Start early in planning for your child's future, and make regular contributions to the savings accounts you set up.

As a parent opening a savings account in a child’s name may seem like a great way to give Junior a head start on a lifetime of thrift. However, it can come back to haunt families, especially when university years roll around.

Parents have a huge financial burden these days when it comes time for their children to go onto higher education. Unless you are proactive in saving and investing, you may find yourself unprepared for the high cost of tertiary tuition. Start early in planning for your child’s future, and make regular contributions to the accounts you set up. In fact, choosing the wrong savings vehicle for your children’s future cash could cost them thousands in avoidable taxes and missed financial aid.

Fortunately, there are several ways for parents to save that will not put their child’s future financial aid at risk.

The most important factor is to open savings accounts when the children are young to prepare for their future. An account with interest that is compounded monthly is one way to save. Compounding is when the interest earned is combined with the principal, or original investment, and continues accruing interest from that point on.

Remember, you have to go through the entire process of financial planning – right from identifying the goal to deciding on the asset allocation plan; reviewing the performance, recasting the portfolio and so on – just as you would do for your retirement planning.

While drawing up an investment plan, it is best to map out the corpus a child will require in each stage of his or her life. Also, don’t forget to include pre-school costs and extra-curricular activities in the plan.

Over the years, the average age at which a child starts attending school (pre-schools) has come down to two years. Now, pre-schools cost anywhere from R1 000 and R3 000 a month on an average. Once a child turns five, the parents have to choose between a state secondary school that can cost anywhere between R700 and R1 000 a month or a private school that costs about R4000 a month on average.

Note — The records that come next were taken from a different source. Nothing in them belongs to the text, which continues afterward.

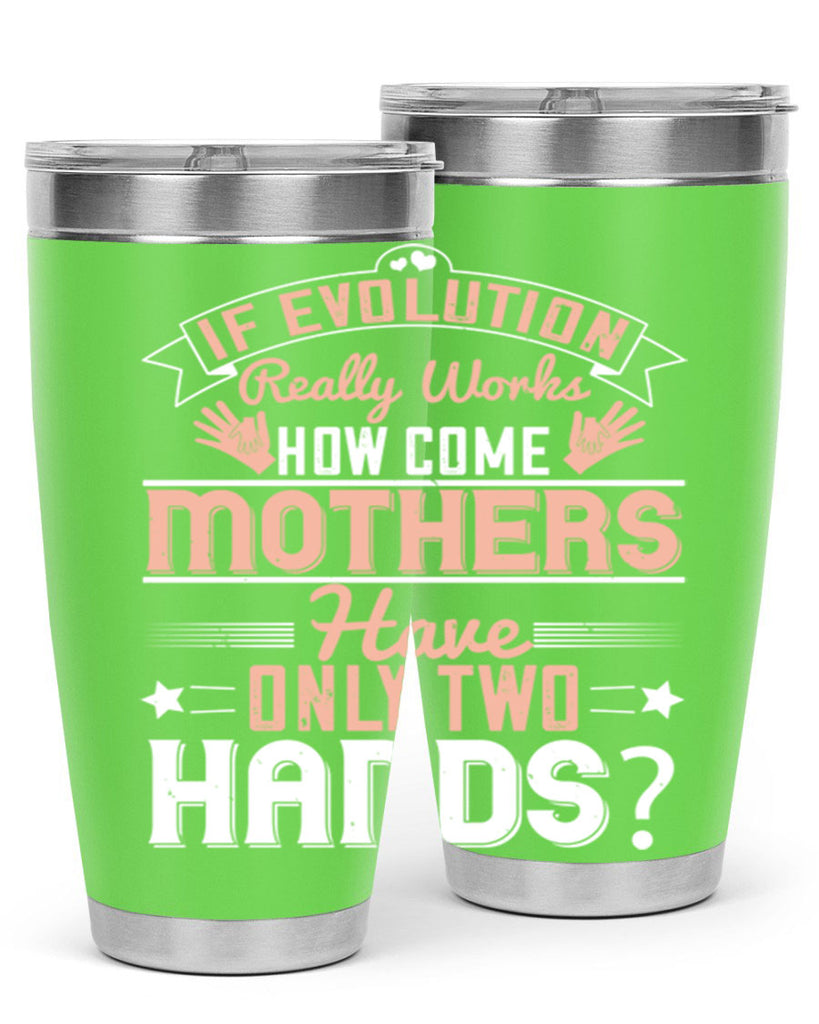 if evolution really works how come mothers have only two hands 148#- mom- Tumbler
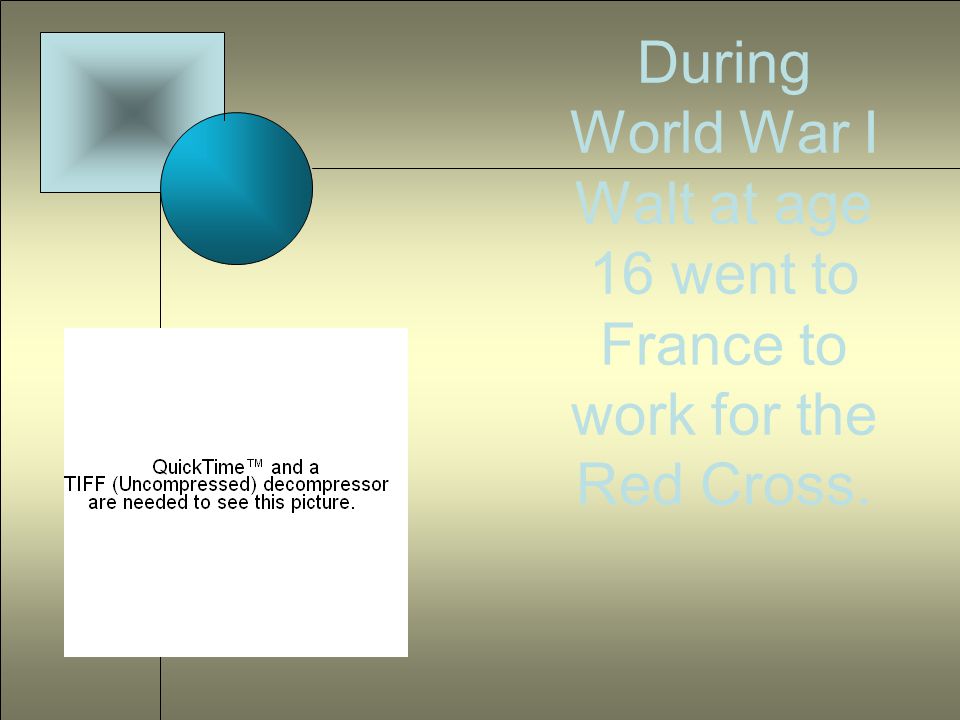 During World War I Walt at age 16 went to France to work for the Red Cross.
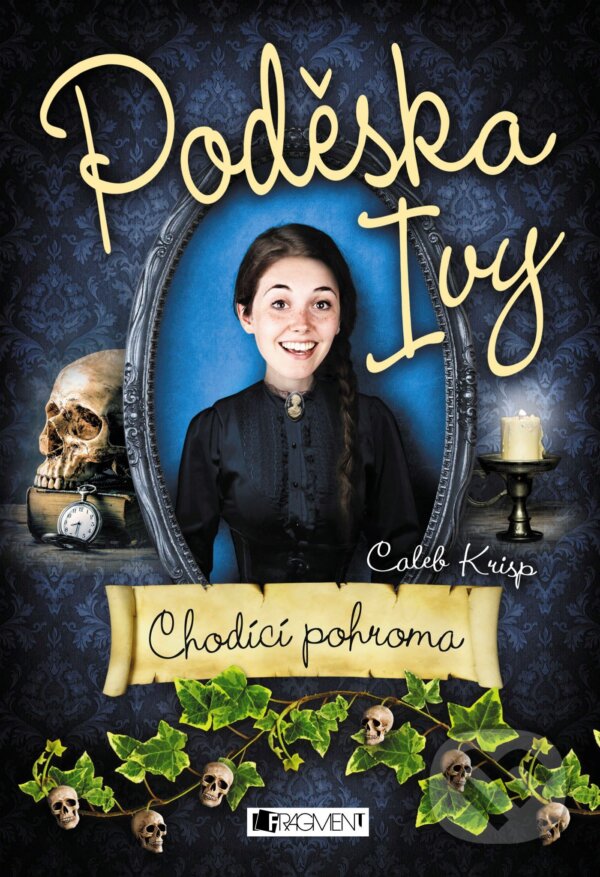 E-kniha: Poděska Ivy: Chodící pohroma (Caleb Krisp). Nakladatelství Fragment, 2015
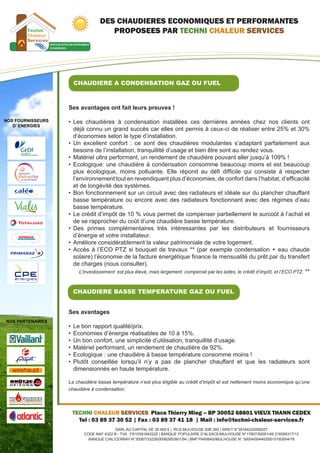 DES CHAUDIERES ECONOMIQUES ET PERFORMANTES
                                    PROPOSEES PAR TECHNI CHALEUR SERVICES




                     CHAUDIERE A CONDENSATION GAZ OU FUEL



                   Ses avantages ont fait leurs preuves !

NOS FOURNISSEURS   •	 Les chaudières à condensation installées ces dernières années chez nos clients ont
   D’ ENERGIES
                      déjà connu un grand succès car elles ont permis à ceux-ci de réaliser entre 25% et 30%
                      d’économies selon le type d’installation.
                   •	 Un excellent confort : ce sont des chaudières modulantes s’adaptant parfaitement aux
                      besoins de l’installation, tranquillité d’usage et bien être sont au rendez vous.
                   •	 Matériel ultra performant, un rendement de chaudière pouvant aller jusqu’à 109% !
                   •	 Ecologique: une chaudière à condensation consomme beaucoup moins et est beaucoup
                      plus écologique, moins polluante. Elle répond au défi difficile qui consiste à respecter
                      l’environnement tout en revendiquant plus d’économies, de confort dans l’habitat, d’efficacité
                      et de longévité des systèmes.
                   •	 Bon fonctionnement sur un circuit avec des radiateurs et idéale sur du plancher chauffant
                      basse température ou encore avec des radiateurs fonctionnant avec des régimes d’eau
                      basse température.
                   •	 Le crédit d’impôt de 10 % vous permet de compenser partiellement le surcoût à l’achat et
                      de se rapprocher du coût d’une chaudière basse température.
                   •	 Des primes complémentaires très intéressantes par les distributeurs et fournisseurs
                      d’énergie et votre installateur.
                   •	 Améliore considérablement la valeur patrimoniale de votre logement.
                   •	 Accès à l’ECO PTZ si bouquet de travaux ** (par exemple condensation + eau chaude
                      solaire) l’économie de la facture énergétique finance la mensualité du prêt par du transfert
                      de charges (nous consulter).
                         L’investissement est plus élevé, mais largement compensé par les aides, le crédit d’impôt, et l’ECO PTZ. **



                     CHAUDIERE BASSE TEMPERATURE GAZ OU FUEL


                   Ses avantages
NOS PARTENAIRES
                   •	 Le bon rapport qualité/prix.
                   •	 Economies d’énergie réalisables de 10 à 15%.
                   •	 Un bon confort, une simplicité d’utilisation, tranquillité d’usage.
                   •	 Matériel performant, un rendement de chaudière de 92%.
                   •	 Ecologique : une chaudière à basse température consomme moins !
                   •	 Plutôt conseillée lorsqu’il n’y a pas de plancher chauffant et que les radiateurs sont
                      dimensionnés en haute température.

                   La chaudière basse température n’est plus éligible au crédit d’impôt et est nettement moins économique qu’une
                   chaudière à condensation.



                    TECHNI CHALEUR SERVICES Place Thierry Mieg – BP 30052 68801 VIEUX THANN CEDEX
                      Tel : 03 89 37 30 52 | Fax : 03 89 37 41 18 | Mail : info@techni-chaleur-services.fr
                                         SARL AU CAPITAL DE 30 000 € | RCS MULHOUSE 93B 393 | SIRET N°39164222000027
                          CODE NAF 4322 B - TVA : FR10391642220 | BANQUE POPULAIRE D’ALSACE/MULHOUSE N°17607/00001/49 216095317/12
                            BANQUE CIAL/CERNAY N°30087/33228/00062853901/94 | BNP PARIBAS/MULHOUSE N° 30004/00440/00010183504/76
 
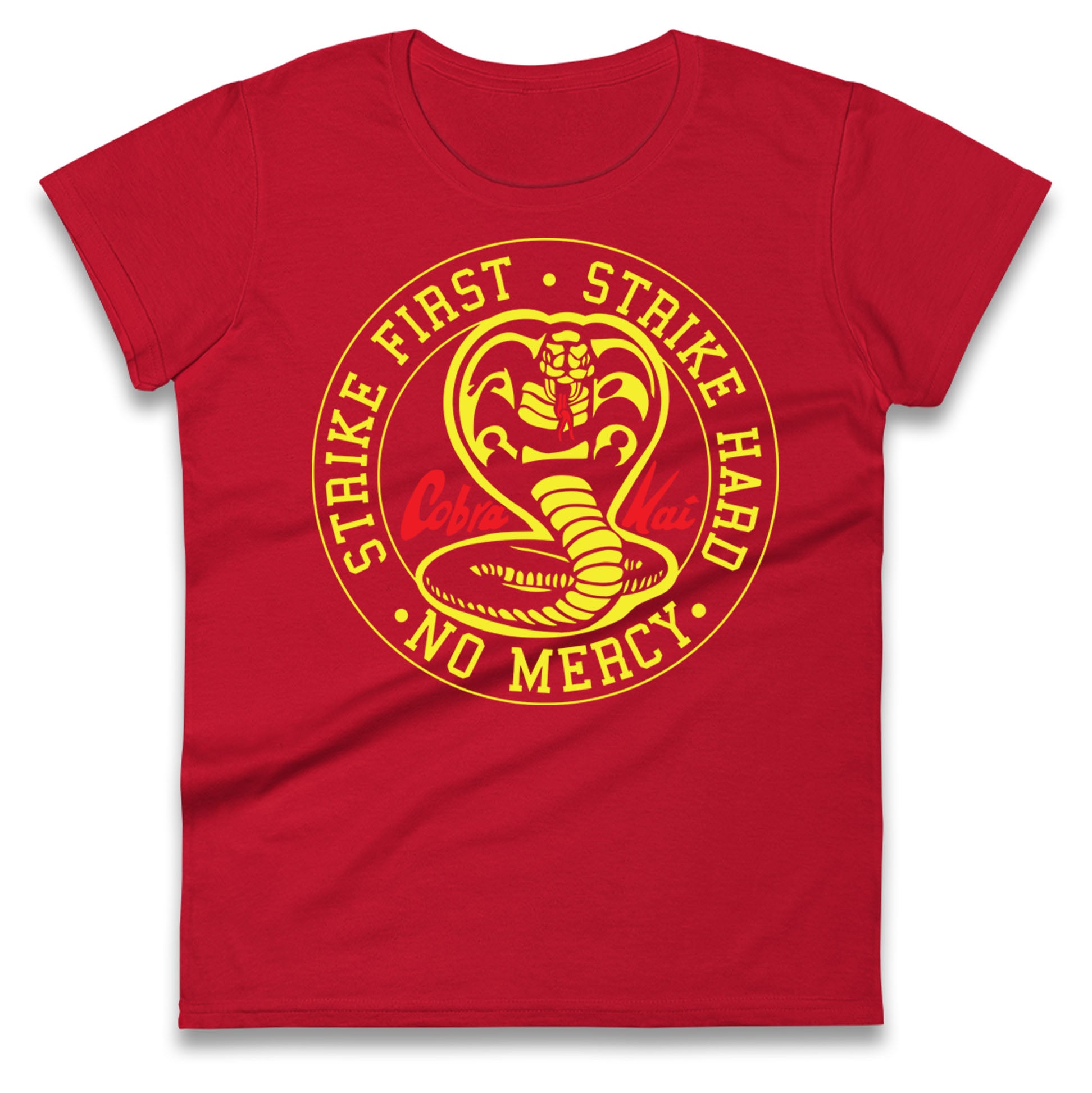 Cobra Kai Strike First Strike Hard Womens T Shirt Mens Tops Tees Unisex S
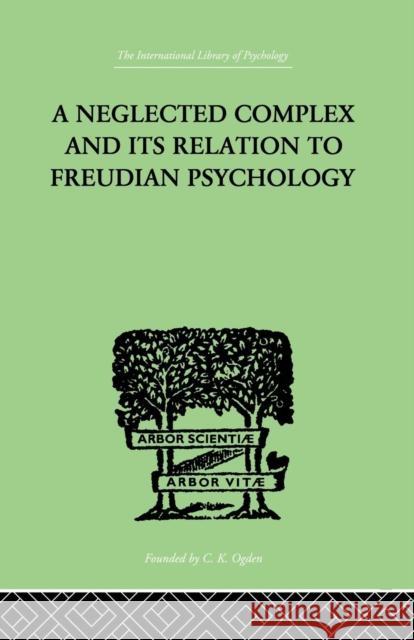 A Neglected Complex And Its Relation To Freudian Psychology Bousfield, W. R. 9781138875531 Routledge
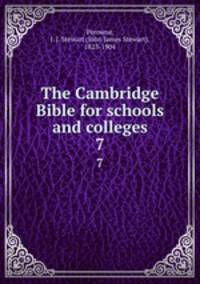 The Cambridge Bible for schools and colleges. 7
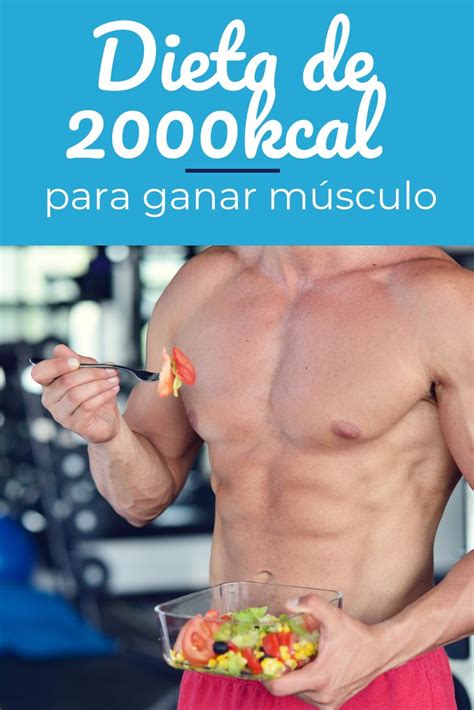 Dieta 2000kcal Dieta Para Ganar Musculo Rutina Para Masa Muscular Ganar Masa Muscular Rapido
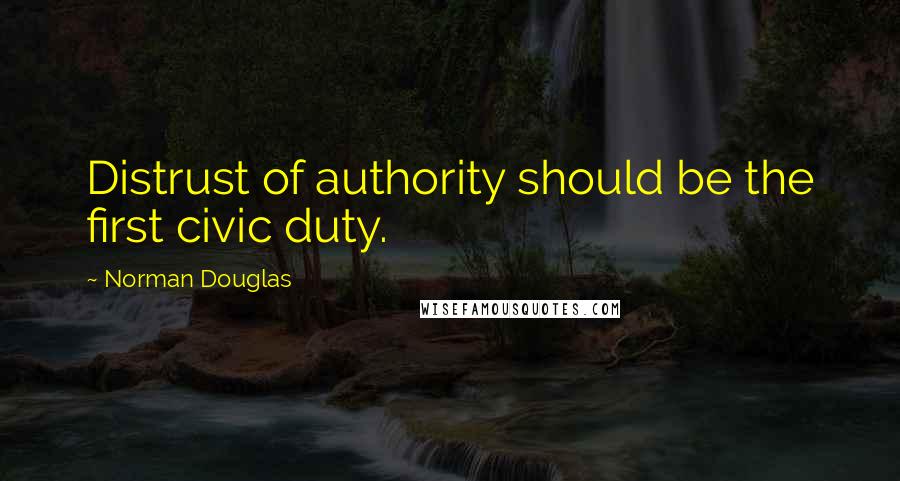 Norman Douglas quotes: Distrust of authority should be the first civic duty.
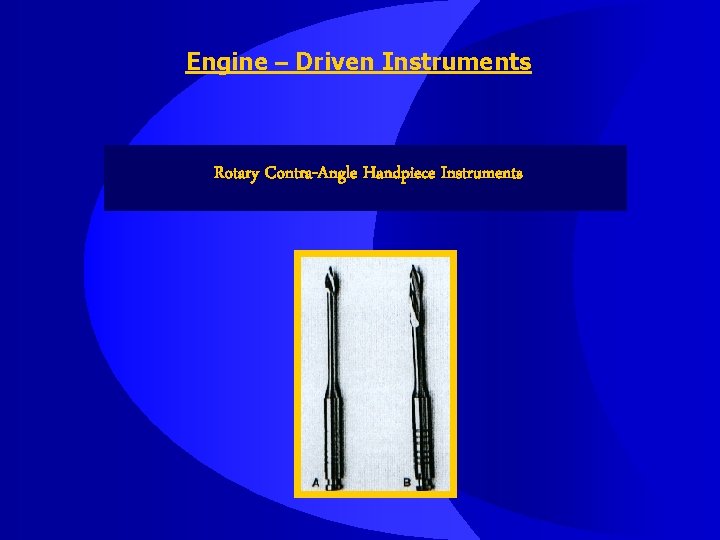 Engine – Driven Instruments Rotary Contra-Angle Handpiece Instruments 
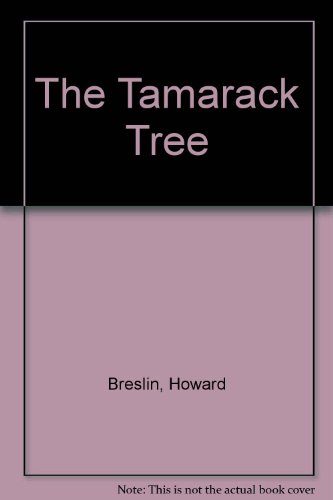 The Tamarack Tree B004CHQDHG Book Cover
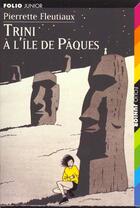 Couverture du livre « Trini a l'ile de paques » de Fleutiaux/Tonnac aux éditions Gallimard-jeunesse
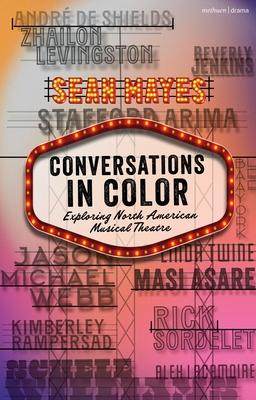 [预订]Conversations in Color: Exploring North American Musical Theatre 9781350242104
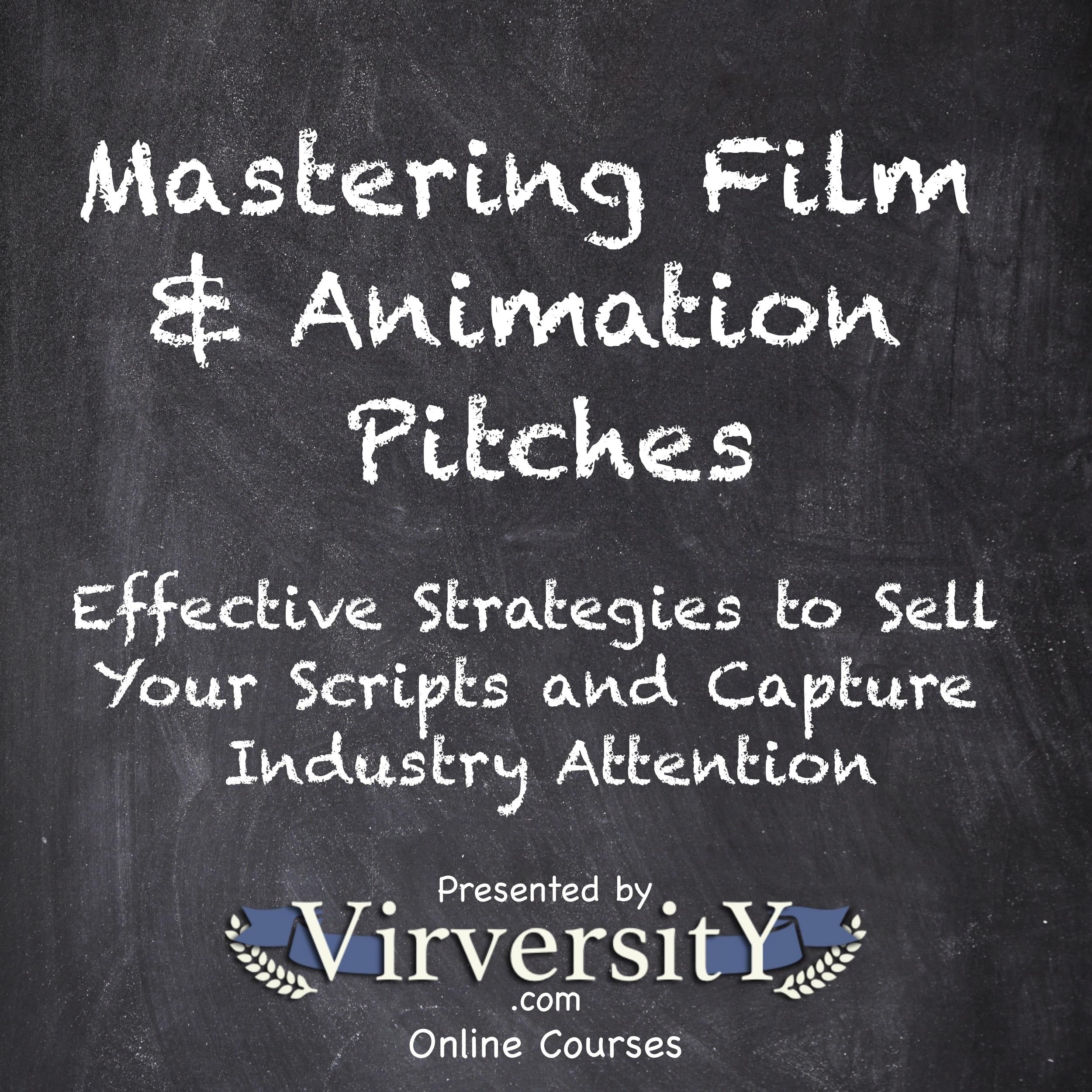 Mastering Film & Animation Pitches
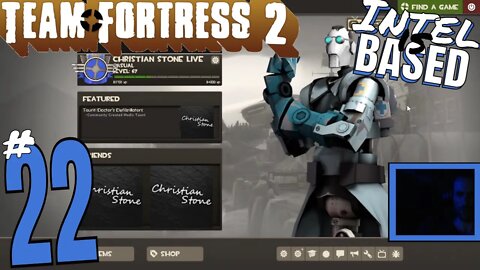 #22 team Fortress 2 "Our Intel Has Returned and its Based!" Christian Stone LIVE!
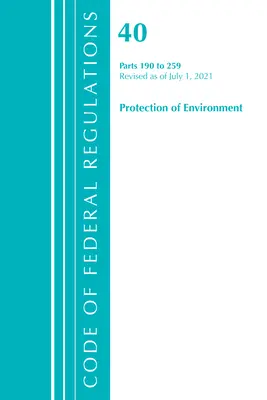 Code of Federal Regulations, Title 40 Protection of the Environment 190-259, revidiert ab 1. Juli 2021 (Office of the Federal Register (U S )) - Code of Federal Regulations, Title 40 Protection of the Environment 190-259, Revised as of July 1, 2021 (Office of the Federal Register (U S ))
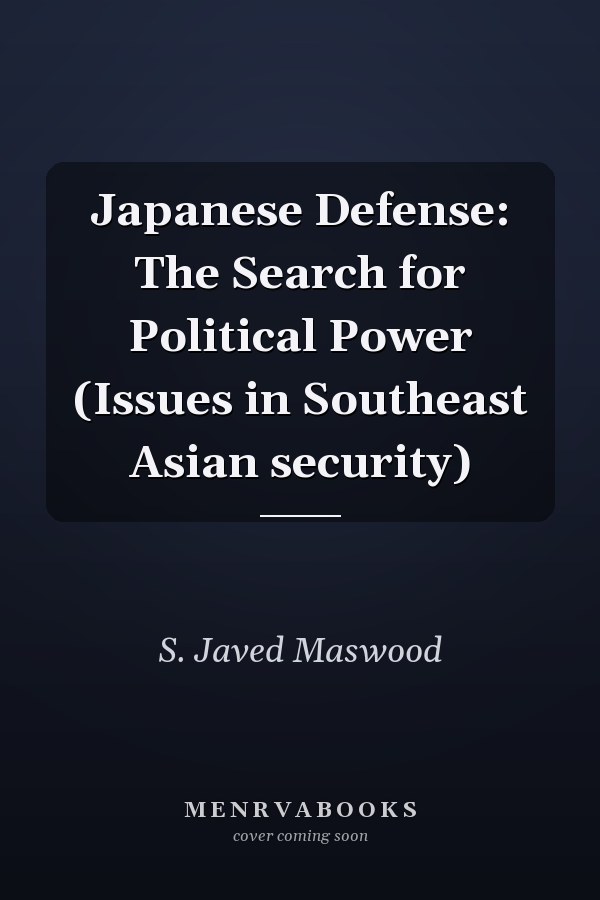 Japanese Defense: The Search for Political Power (Issues in Southeast Asian security)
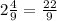 2\frac{4}{9}=\frac{22}{9}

Then, of course, there are music and drama classes and sport or holiday camps to be paid for. Another factor to be borne in mind while calculating future costs is the inflation in the education sector.

And these amounts increase steadily as the child gets older.

Again, while budgeting for cost of extra-curricular activities, you need to identify say a sport that your child may be inclined towards.

Next, you can try to do some research on the cost of training it may entail. “Sometimes, parents assume that it is beyond their means to provide for a particular aspiration of the child. But penning down the costs and actually reviewing your surpluses and existing resources – investments and savings – can throw up surprising results,” says a financial advisor Lowvelder spoke to.

The type of education you choose for your child is a personal choice. But the one thing is certain and that is that a good education is a long lasting and valuable gift.

How much does a good education cost? No-one can be certain, but in the 15 years to March 2012 ABS data indicates that education costs rose by around 119% compared to just 48% for average inflation. And this pace shows no sign of slowing any time soon.